Miró-Matisse: a dialogue against a backdrop of admiration

24.07.24
By Emma Pampagnin-Migayrou

Why bring together two major twentieth-century artists whom everything seems to oppose? This is the question that the Musée Matisse in Nice is trying to answer with the exhibition ‘Miró-Matisse. Beyond Images’. In a fruitful dialogue, the commonalities between these two masters are revealed to visitors.

Although they were separated by almost three decades, Henri Matisse (1869-1954) and Joan Miró (1869-1954) had a profound influence on each other, coupled with great admiration at different stages of their careers. Indeed, Matisse considered Miró to be one of the artists he most admired. The exhibition reveals that during one of the crises in his life, he drew on, nourished and inspired by the Catalan painter's work to overcome his doubts. Miró, for his part, saw in Matisse the right influence of Fauvism, to which he wished to pay tribute throughout his life.

Through more than a hundred works, the exhibition also highlights their ongoing commitment to challenging Western pictorial tradition. In Matisse's case, this is particularly apparent in his brightly coloured compositions, in which human figures, decorative motifs and objects are treated on an equal footing. Miró's development of a simplified pictorial language, tending towards abstraction with the presence of ideograms in particular, contrasts with the productions of academic painting.

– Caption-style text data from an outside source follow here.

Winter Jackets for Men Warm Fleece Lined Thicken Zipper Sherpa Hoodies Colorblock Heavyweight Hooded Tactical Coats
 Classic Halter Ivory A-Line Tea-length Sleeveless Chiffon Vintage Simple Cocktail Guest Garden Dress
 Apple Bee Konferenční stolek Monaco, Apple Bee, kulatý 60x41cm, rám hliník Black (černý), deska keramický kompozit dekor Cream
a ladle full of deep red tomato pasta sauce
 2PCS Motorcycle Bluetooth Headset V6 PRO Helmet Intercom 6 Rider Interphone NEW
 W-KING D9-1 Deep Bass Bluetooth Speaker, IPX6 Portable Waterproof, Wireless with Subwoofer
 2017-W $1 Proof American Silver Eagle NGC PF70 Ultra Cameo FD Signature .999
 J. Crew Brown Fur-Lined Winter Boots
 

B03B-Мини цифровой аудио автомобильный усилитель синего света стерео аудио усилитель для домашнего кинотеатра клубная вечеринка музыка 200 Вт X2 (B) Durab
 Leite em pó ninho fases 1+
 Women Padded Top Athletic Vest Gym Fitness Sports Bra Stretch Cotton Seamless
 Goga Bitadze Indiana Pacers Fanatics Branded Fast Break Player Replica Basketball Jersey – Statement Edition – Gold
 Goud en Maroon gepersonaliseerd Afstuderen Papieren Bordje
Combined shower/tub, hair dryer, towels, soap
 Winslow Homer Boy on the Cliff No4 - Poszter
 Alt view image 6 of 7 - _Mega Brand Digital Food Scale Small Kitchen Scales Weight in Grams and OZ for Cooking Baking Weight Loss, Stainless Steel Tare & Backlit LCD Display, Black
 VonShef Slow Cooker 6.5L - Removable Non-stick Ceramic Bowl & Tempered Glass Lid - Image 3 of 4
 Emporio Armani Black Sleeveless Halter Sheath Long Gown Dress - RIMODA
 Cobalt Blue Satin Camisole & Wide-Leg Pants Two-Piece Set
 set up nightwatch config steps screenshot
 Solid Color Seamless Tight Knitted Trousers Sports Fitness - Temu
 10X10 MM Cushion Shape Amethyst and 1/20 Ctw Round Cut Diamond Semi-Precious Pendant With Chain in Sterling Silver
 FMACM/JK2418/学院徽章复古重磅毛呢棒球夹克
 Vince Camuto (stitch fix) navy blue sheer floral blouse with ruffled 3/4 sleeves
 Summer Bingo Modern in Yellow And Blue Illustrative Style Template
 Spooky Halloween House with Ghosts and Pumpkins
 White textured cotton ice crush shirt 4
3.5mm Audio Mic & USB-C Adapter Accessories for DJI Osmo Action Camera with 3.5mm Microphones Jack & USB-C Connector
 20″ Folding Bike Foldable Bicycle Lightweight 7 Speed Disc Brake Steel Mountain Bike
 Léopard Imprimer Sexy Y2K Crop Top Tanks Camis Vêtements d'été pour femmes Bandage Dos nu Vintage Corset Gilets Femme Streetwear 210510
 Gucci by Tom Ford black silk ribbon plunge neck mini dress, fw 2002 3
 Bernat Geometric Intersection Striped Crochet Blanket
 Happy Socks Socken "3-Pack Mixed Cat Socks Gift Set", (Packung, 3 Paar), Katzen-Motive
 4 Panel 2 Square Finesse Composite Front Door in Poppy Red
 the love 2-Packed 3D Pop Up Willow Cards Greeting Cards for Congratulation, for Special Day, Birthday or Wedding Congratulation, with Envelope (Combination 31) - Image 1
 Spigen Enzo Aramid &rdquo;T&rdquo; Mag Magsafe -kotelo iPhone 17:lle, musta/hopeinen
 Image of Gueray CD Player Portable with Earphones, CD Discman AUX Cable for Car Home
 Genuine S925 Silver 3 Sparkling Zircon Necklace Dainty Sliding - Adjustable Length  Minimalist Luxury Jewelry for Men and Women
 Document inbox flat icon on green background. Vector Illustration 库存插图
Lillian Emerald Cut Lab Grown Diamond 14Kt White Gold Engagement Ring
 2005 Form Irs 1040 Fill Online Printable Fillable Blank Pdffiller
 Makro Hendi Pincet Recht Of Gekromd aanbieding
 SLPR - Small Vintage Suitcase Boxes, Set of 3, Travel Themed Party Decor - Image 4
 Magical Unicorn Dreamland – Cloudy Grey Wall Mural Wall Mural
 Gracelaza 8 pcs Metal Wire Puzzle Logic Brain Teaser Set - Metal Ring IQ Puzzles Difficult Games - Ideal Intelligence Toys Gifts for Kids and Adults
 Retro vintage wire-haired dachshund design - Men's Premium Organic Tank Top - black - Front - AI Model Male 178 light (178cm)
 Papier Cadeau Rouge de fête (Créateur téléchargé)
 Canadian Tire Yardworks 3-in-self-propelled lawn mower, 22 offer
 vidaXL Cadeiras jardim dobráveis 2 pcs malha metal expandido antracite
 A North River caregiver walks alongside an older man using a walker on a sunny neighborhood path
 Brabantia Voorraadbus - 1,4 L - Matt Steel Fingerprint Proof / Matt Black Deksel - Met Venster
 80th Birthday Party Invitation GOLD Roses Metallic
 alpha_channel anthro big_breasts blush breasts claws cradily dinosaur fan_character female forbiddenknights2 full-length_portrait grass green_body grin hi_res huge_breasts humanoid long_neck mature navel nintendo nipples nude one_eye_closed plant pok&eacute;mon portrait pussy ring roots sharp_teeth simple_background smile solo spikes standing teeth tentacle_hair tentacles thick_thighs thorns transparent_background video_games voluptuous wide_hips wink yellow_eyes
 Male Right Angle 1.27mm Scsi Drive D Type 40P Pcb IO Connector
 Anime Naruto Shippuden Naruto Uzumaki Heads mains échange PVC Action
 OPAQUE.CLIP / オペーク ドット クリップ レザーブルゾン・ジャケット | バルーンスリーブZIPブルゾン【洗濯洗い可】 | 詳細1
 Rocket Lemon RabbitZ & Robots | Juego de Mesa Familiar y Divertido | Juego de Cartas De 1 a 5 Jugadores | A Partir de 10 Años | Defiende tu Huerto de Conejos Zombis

The Musée Matisse in Nice's chronological exhibition highlights Miró's desire to break away from figurative painting and his quest for freedom. Miró's View of Notre-Dame in 1914, for example, offers a profoundly abstract vision of the building.

Although they were affiliated to two artistic movements with different ambitions - Fauvism for Matisse, which advocated the use of colour in favour of other elements, and Surrealism for Miró, based on dreamlike imagery, chance and the unconscious - they both developed shared friendships. Artists, critics and art dealers such as Louis Aragon, André Breton, Aimé Maeght and Pierre Matisse helped them not only to pursue the ideas they had developed around their work, but also to forge closer ties. In fact, it was thanks to Henri Matisse's son Pierre, with whom he maintained a long professional and friendly correspondence, that Miró enjoyed a major reputation in the United States in the 1930s.

Throughout the exhibition, visitors will also discover the diversity and similarity of the forms of expression employed by these prolific artists. From illustrated magazines published by Tériade to monumental paintings such as the Chapelle du Rosaire in Vence for Matisse and the dining room of the Terrace Plaza Hotel in Cincinnatti for Miró, each artist explores the variety of media available to them with infectious creativity.

Rather than pointing out the differences and similarities between these two pillars of modern art, the aim is above all to show how one artist can be nourished by another and vice versa. Beyond the images that are attached to Matisse and Miró, the importance of surrounding oneself with guides, references and developing exchanges to refine one's language and develop a singular and powerful work is underlined here.